We use this GitHub action for triggering releases upon merges to main. It calls npm run version to generate the changelog (to review the changelog, you can run that command locally too). It then calls npm run publish:ci, which calls changeset publish to push updated packages to the npm registry, and adds a git version tag.

Packages in the mystmd repository

All packages used to build mystmd live in the https://github.com/jupyter-book/mystmd repository.

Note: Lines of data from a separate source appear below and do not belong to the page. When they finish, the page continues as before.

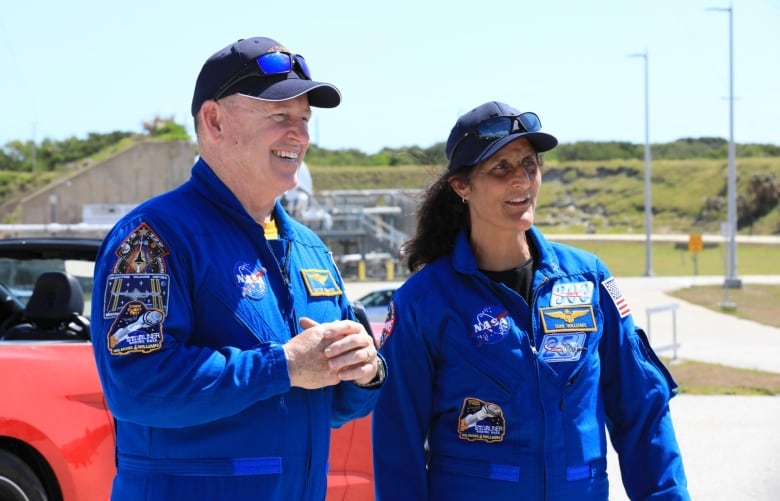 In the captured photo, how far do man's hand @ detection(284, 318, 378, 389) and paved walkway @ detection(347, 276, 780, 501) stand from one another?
15.5 ft

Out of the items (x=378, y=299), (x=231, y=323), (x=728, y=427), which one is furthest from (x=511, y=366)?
(x=378, y=299)

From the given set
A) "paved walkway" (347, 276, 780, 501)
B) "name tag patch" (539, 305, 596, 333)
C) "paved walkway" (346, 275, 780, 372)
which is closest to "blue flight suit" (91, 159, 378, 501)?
"name tag patch" (539, 305, 596, 333)

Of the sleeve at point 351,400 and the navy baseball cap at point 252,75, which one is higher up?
the navy baseball cap at point 252,75

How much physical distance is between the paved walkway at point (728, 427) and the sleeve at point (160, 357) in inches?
193

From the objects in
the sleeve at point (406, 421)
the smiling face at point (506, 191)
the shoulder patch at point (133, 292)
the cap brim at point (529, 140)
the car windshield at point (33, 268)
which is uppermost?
the cap brim at point (529, 140)

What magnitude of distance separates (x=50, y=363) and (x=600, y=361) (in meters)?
2.66

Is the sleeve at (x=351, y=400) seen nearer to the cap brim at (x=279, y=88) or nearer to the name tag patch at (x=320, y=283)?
the name tag patch at (x=320, y=283)

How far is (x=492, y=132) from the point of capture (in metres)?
2.95

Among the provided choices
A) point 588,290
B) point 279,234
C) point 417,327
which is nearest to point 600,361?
point 588,290

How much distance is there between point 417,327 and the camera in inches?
112

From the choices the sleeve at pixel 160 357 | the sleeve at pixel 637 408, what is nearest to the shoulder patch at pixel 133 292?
the sleeve at pixel 160 357

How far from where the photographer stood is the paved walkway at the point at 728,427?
22.5ft

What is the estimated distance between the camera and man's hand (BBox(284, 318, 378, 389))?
2221 millimetres

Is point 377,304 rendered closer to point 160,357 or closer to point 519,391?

These packages are ESM modules[2], written in TypeScript, and live at https://github.com/jupyter-book/mystmd/tree/main/packages.

Command Line Tools:

  • mystmd: provides CLI functionality for myst start.
  • mystmd-py: a Python wrapper around mystmd, which makes it easy to install the tool in a Python environment. It should not be used for development.

Core Packages:

  • myst-cli: provides CLI functionality for mystmd. It does not export the CLI directly.
  • jtex: a templating library (see docs).
  • myst-frontmater: definitions and validation for scientific authorship/affiliation frontmatter (see docs).
  • myst-config: validation and reading of configuration files.
  • myst-templates: types and validation for templates (LaTeX, web, and word).

Markdown Parsing

  • markdown-it-myst: markdown-it plugin to handle tokenizing roles and directives.
  • myst-directives: core directives for MyST.
  • myst-roles: core roles for MyST.
  • myst-parser: converts a markdown-it token stream to Markdown AST (mdast).

Readers

  • tex-to-myst: convert LaTeX to MyST AST.
  • jats-to-myst: convert JATS XML, a standard for representing papers, to MyST AST.

Transformers

  • myst-transforms: transformations for use with MyST AST to transform, e.g., links, citations, cross-references, and admonitions (see here for more information](#develop:transforms)).

Export Tools

  • myst-to-docx: convert MyST documents to MS Word format.
  • myst-to-jats: convert MyST to JATS, for use in scientific archives.
  • myst-to-tex: convert MyST to LaTeX, to be used in combination with our jtex template compiler, to create stand alone LaTeX documents.
  • myst-to-html: convert MyST to HTML.

Extensions:

  • myst-ext-card: Card directives.
  • myst-ext-grid: Grid directives.
  • myst-ext-tabs: Tab directives.
  • myst-ext-reactive: Reactive directives.

Miscellaneous:

  • myst-common: common utilities for working with ASTs.
  • myst-spec: JSON Schema that defines the MyST AST.
  • myst-spec-ext: temporary development extensions to myst-spec.
  • citation-js-utils: utility functions to deal with citations.
  • myst-cli-utils: shared utils between jtex, and myst-cli.
  • simple-validators: validation utilities, that print all sorts of nice warnings.
Footnotes
  1. This is a pattern used in e.g. pythia-gallery.py where an executable transform (non-JS transform that communicates over STDIO with JSON) takes custom pythia-cookbooks nodes and converts them (via some HTTP fetches) to a grid of cards by outputting the relevant grid and card AST nodes.

  2. ESM modules are imported using the JavaScript import syntax, and cannot be used with CommonJS require().